Twice each year, once in January and again in May, Gov. Jerry Brown warns Californians that the economic prosperity their state has enjoyed in recent years won’t last forever.

Brown attaches his admonishments to the budgets he proposes to the Legislature – the initial one in January and a revised version four months later.

Brown’s latest, issued last May, cited uncertainty about turmoil in the national government, urged legislators to “plan for and save for tougher budget times ahead,” and added:

“By the time the budget is enacted in June, the economy will have finished its eighth year of expansion – only two years shorter than the longest recovery since World War II. A recession at some point is inevitable.”

It’s certain that Brown will renew his warning next month. Implicitly, he may hope that the inevitable recession he envisions will occur once his final term as governor ends in January, 2019, because it would, his own financial advisers believe, have a devastating effect on the state budget.

A new report from the federal Bureau of Economic Analysis, however, hints that the downturn may have already started.

The BEA releases state-by-state economic data each quarter and its reports for the first and second quarters of 2017 are not good news for California.

Last year was a very good one for the state’s economy. The 3.3 percent gain in economic output in 2016 was more than double that of the nation as a whole and one of the highest of any state.

However, California stumbled during the first half of 2017. California’s increase was an anemic six tenths of one percent in the first quarter compared to the same period of 2016, and 2.1 percent in the second quarter, well below the national rate and ranking 35th in the nation.

The report revealed that almost every one of California’s major sectors fell behind national trends in the second quarter, with the most conspicuous laggard being manufacturing.

The only big California sector showing robust health was “information,” reflecting the unfortunate truism that the Silicon Valley-centered technology industry continues to prop up an otherwise lackluster overall economy.

It may be only a hiccup in California’s $2.6 trillion economy, the fifth or sixth largest in the world were it a nation. But maybe not.

Were the oft-predicted recession to finally hit, the most obvious effect would be on the state budget.
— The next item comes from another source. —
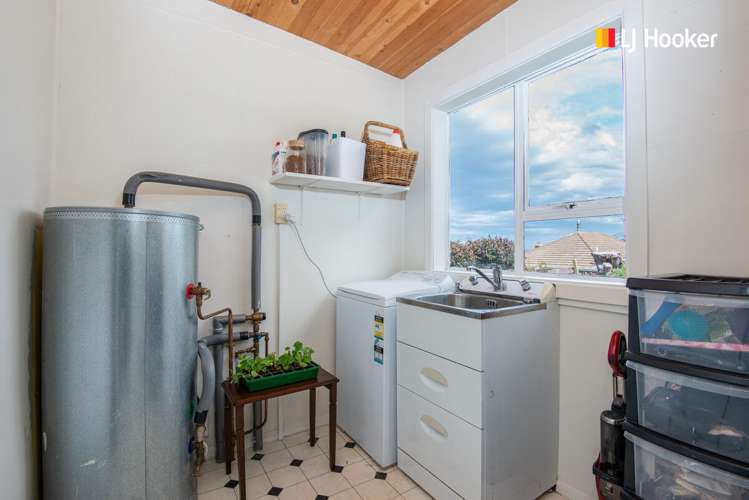 10 Forbes Street Balaclava_14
It is highly dependent on income taxes paid by a handful of high-income Californians, particularly on their investment gains and particularly in the tech-heavy San Francisco Bay area.
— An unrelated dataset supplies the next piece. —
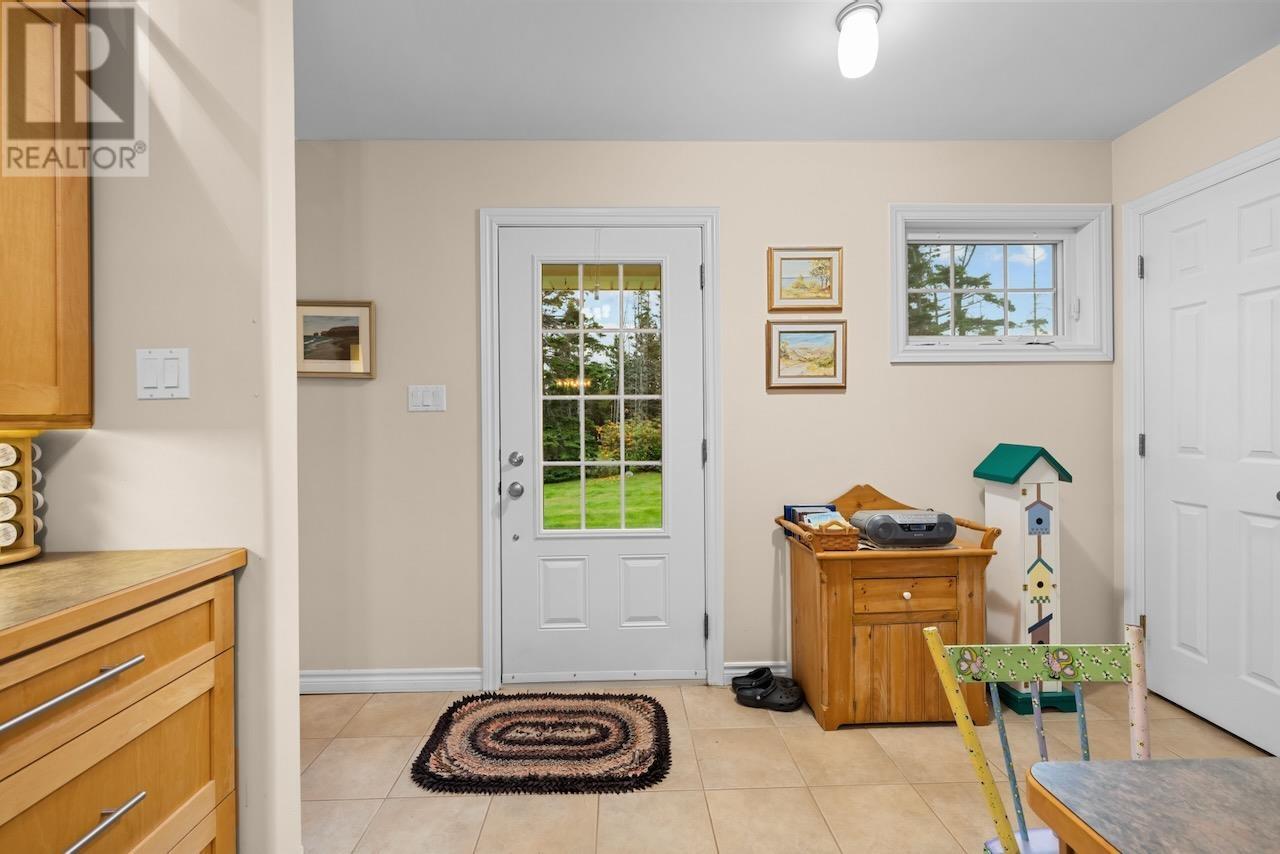 3687 Route 20 Property Photo 8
The last recession a decade ago revealed just how that dependency backfires in recession.

The state is even more dependent now, thanks to voter-approved increases in marginal tax rates, so a new recession would have even harsher fiscal effects.

However, the impact would not be confined to the budget. We could see unemployment, which has been at record-low levels recently, skyrocket as it did a decade ago with collateral impacts on housing, retail sales and virtually every other economic activity.

We would also see a new debate over whether California’s high taxes, high labor and housing costs and high levels of regulation have, as critics allege, made the state less attractive to job-creating investment and more vulnerable to recession.

Will it happen? Yes. A recession is inevitable as Brown warns. What we don’t know is when and whether it would seriously impact the high-tech industry. It is so vital to California’s overall economic health that were it to falter, an otherwise mild recession could be devastating.